### TASK DESCRIPTION
All of the entries below, duplicated exactly, make up the answer.

### EXTRACTED DATA
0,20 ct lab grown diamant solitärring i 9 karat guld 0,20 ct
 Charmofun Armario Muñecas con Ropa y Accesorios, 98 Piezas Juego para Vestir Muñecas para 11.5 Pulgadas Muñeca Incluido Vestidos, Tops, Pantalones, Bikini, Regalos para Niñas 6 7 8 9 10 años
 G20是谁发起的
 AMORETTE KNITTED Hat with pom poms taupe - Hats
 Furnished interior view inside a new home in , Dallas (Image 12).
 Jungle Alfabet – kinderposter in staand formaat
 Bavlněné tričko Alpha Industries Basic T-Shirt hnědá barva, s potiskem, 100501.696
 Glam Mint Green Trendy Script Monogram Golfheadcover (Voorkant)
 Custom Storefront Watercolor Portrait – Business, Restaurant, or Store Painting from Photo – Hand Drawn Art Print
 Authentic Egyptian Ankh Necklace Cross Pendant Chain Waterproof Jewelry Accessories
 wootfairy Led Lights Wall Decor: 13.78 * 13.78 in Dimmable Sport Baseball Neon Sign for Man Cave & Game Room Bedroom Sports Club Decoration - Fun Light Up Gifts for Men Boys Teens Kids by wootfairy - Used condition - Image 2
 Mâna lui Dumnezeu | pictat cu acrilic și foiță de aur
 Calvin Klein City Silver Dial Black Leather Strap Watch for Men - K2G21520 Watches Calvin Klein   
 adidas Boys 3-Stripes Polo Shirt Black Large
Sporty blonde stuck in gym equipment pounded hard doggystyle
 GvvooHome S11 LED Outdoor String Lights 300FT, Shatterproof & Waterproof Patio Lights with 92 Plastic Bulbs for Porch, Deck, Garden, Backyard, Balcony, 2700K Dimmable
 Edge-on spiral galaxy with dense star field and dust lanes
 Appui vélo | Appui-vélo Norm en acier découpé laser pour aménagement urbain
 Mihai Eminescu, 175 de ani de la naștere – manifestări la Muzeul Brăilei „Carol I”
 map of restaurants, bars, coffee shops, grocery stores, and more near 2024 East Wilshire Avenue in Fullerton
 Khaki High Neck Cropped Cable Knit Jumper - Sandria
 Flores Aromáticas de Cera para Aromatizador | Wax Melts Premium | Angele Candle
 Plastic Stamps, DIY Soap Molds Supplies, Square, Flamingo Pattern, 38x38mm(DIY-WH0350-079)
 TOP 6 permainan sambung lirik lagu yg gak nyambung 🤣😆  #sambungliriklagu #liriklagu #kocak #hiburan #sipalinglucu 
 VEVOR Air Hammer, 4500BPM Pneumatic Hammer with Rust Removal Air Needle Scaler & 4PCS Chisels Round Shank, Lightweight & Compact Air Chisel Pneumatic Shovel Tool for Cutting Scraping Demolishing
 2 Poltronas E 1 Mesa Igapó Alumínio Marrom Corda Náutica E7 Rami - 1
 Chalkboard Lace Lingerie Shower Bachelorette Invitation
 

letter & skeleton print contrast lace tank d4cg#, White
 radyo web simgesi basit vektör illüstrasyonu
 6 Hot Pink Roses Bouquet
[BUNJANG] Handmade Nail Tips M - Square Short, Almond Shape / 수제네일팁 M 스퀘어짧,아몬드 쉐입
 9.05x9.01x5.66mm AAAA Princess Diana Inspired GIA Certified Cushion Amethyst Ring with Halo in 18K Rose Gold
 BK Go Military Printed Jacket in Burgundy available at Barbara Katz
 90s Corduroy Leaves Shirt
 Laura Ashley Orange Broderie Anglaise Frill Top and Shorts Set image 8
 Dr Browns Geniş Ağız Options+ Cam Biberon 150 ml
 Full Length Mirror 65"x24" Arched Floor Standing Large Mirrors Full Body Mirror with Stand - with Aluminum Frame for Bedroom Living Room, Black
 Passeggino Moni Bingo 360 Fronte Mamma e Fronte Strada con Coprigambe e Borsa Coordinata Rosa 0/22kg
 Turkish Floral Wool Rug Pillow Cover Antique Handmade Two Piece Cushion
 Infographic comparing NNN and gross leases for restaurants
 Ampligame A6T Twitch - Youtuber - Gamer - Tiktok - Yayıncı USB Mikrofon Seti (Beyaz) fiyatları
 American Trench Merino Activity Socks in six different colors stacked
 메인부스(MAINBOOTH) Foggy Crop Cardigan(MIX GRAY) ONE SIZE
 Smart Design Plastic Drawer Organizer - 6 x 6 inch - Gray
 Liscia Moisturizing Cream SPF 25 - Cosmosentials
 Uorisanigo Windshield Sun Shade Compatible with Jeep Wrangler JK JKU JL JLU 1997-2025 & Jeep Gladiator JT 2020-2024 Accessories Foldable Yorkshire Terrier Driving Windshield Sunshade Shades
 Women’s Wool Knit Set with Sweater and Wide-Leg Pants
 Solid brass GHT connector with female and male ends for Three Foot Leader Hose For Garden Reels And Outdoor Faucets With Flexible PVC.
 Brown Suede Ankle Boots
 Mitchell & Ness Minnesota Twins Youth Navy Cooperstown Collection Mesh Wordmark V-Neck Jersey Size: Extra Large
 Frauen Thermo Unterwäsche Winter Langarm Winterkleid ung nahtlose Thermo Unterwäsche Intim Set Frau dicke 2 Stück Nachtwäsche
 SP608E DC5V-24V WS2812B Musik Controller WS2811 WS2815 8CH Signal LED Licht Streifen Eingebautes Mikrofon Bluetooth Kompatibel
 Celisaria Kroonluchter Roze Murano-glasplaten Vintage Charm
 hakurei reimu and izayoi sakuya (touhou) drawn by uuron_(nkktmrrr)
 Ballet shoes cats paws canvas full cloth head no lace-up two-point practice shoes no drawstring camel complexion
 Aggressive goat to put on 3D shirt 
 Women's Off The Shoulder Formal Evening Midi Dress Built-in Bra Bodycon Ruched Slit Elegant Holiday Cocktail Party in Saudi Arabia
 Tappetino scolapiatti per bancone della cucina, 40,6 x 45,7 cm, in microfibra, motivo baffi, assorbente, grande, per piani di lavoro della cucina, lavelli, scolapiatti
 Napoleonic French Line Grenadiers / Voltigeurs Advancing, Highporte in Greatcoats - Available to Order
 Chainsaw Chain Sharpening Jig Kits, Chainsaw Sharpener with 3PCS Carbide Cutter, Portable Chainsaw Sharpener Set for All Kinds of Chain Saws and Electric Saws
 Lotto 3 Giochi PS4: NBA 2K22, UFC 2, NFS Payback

### RESULT
0,20 ct lab grown diamant solitärring i 9 karat guld 0,20 ct
 Charmofun Armario Muñecas con Ropa y Accesorios, 98 Piezas Juego para Vestir Muñecas para 11.5 Pulgadas Muñeca Incluido Vestidos, Tops, Pantalones, Bikini, Regalos para Niñas 6 7 8 9 10 años
 G20是谁发起的
 AMORETTE KNITTED Hat with pom poms taupe - Hats
 Furnished interior view inside a new home in , Dallas (Image 12).
 Jungle Alfabet – kinderposter in staand formaat
 Bavlněné tričko Alpha Industries Basic T-Shirt hnědá barva, s potiskem, 100501.696
 Glam Mint Green Trendy Script Monogram Golfheadcover (Voorkant)
 Custom Storefront Watercolor Portrait – Business, Restaurant, or Store Painting from Photo – Hand Drawn Art Print
 Authentic Egyptian Ankh Necklace Cross Pendant Chain Waterproof Jewelry Accessories
 wootfairy Led Lights Wall Decor: 13.78 * 13.78 in Dimmable Sport Baseball Neon Sign for Man Cave & Game Room Bedroom Sports Club Decoration - Fun Light Up Gifts for Men Boys Teens Kids by wootfairy - Used condition - Image 2
 Mâna lui Dumnezeu | pictat cu acrilic și foiță de aur
 Calvin Klein City Silver Dial Black Leather Strap Watch for Men - K2G21520 Watches Calvin Klein   
 adidas Boys 3-Stripes Polo Shirt Black Large
Sporty blonde stuck in gym equipment pounded hard doggystyle
 GvvooHome S11 LED Outdoor String Lights 300FT, Shatterproof & Waterproof Patio Lights with 92 Plastic Bulbs for Porch, Deck, Garden, Backyard, Balcony, 2700K Dimmable
 Edge-on spiral galaxy with dense star field and dust lanes
 Appui vélo | Appui-vélo Norm en acier découpé laser pour aménagement urbain
 Mihai Eminescu, 175 de ani de la naștere – manifestări la Muzeul Brăilei „Carol I”
 map of restaurants, bars, coffee shops, grocery stores, and more near 2024 East Wilshire Avenue in Fullerton
 Khaki High Neck Cropped Cable Knit Jumper - Sandria
 Flores Aromáticas de Cera para Aromatizador | Wax Melts Premium | Angele Candle
 Plastic Stamps, DIY Soap Molds Supplies, Square, Flamingo Pattern, 38x38mm(DIY-WH0350-079)
 TOP 6 permainan sambung lirik lagu yg gak nyambung 🤣😆  #sambungliriklagu #liriklagu #kocak #hiburan #sipalinglucu 
 VEVOR Air Hammer, 4500BPM Pneumatic Hammer with Rust Removal Air Needle Scaler & 4PCS Chisels Round Shank, Lightweight & Compact Air Chisel Pneumatic Shovel Tool for Cutting Scraping Demolishing
 2 Poltronas E 1 Mesa Igapó Alumínio Marrom Corda Náutica E7 Rami - 1
 Chalkboard Lace Lingerie Shower Bachelorette Invitation
 

letter & skeleton print contrast lace tank d4cg#, White
 radyo web simgesi basit vektör illüstrasyonu
 6 Hot Pink Roses Bouquet
[BUNJANG] Handmade Nail Tips M - Square Short, Almond Shape / 수제네일팁 M 스퀘어짧,아몬드 쉐입
 9.05x9.01x5.66mm AAAA Princess Diana Inspired GIA Certified Cushion Amethyst Ring with Halo in 18K Rose Gold
 BK Go Military Printed Jacket in Burgundy available at Barbara Katz
 90s Corduroy Leaves Shirt
 Laura Ashley Orange Broderie Anglaise Frill Top and Shorts Set image 8
 Dr Browns Geniş Ağız Options+ Cam Biberon 150 ml
 Full Length Mirror 65"x24" Arched Floor Standing Large Mirrors Full Body Mirror with Stand - with Aluminum Frame for Bedroom Living Room, Black
 Passeggino Moni Bingo 360 Fronte Mamma e Fronte Strada con Coprigambe e Borsa Coordinata Rosa 0/22kg
 Turkish Floral Wool Rug Pillow Cover Antique Handmade Two Piece Cushion
 Infographic comparing NNN and gross leases for restaurants
 Ampligame A6T Twitch - Youtuber - Gamer - Tiktok - Yayıncı USB Mikrofon Seti (Beyaz) fiyatları
 American Trench Merino Activity Socks in six different colors stacked
 메인부스(MAINBOOTH) Foggy Crop Cardigan(MIX GRAY) ONE SIZE
 Smart Design Plastic Drawer Organizer - 6 x 6 inch - Gray
 Liscia Moisturizing Cream SPF 25 - Cosmosentials
 Uorisanigo Windshield Sun Shade Compatible with Jeep Wrangler JK JKU JL JLU 1997-2025 & Jeep Gladiator JT 2020-2024 Accessories Foldable Yorkshire Terrier Driving Windshield Sunshade Shades
 Women’s Wool Knit Set with Sweater and Wide-Leg Pants
 Solid brass GHT connector with female and male ends for Three Foot Leader Hose For Garden Reels And Outdoor Faucets With Flexible PVC.
 Brown Suede Ankle Boots
 Mitchell & Ness Minnesota Twins Youth Navy Cooperstown Collection Mesh Wordmark V-Neck Jersey Size: Extra Large
 Frauen Thermo Unterwäsche Winter Langarm Winterkleid ung nahtlose Thermo Unterwäsche Intim Set Frau dicke 2 Stück Nachtwäsche
 SP608E DC5V-24V WS2812B Musik Controller WS2811 WS2815 8CH Signal LED Licht Streifen Eingebautes Mikrofon Bluetooth Kompatibel
 Celisaria Kroonluchter Roze Murano-glasplaten Vintage Charm
 hakurei reimu and izayoi sakuya (touhou) drawn by uuron_(nkktmrrr)
 Ballet shoes cats paws canvas full cloth head no lace-up two-point practice shoes no drawstring camel complexion
 Aggressive goat to put on 3D shirt 
 Women's Off The Shoulder Formal Evening Midi Dress Built-in Bra Bodycon Ruched Slit Elegant Holiday Cocktail Party in Saudi Arabia
 Tappetino scolapiatti per bancone della cucina, 40,6 x 45,7 cm, in microfibra, motivo baffi, assorbente, grande, per piani di lavoro della cucina, lavelli, scolapiatti
 Napoleonic French Line Grenadiers / Voltigeurs Advancing, Highporte in Greatcoats - Available to Order
 Chainsaw Chain Sharpening Jig Kits, Chainsaw Sharpener with 3PCS Carbide Cutter, Portable Chainsaw Sharpener Set for All Kinds of Chain Saws and Electric Saws
 Lotto 3 Giochi PS4: NBA 2K22, UFC 2, NFS Payback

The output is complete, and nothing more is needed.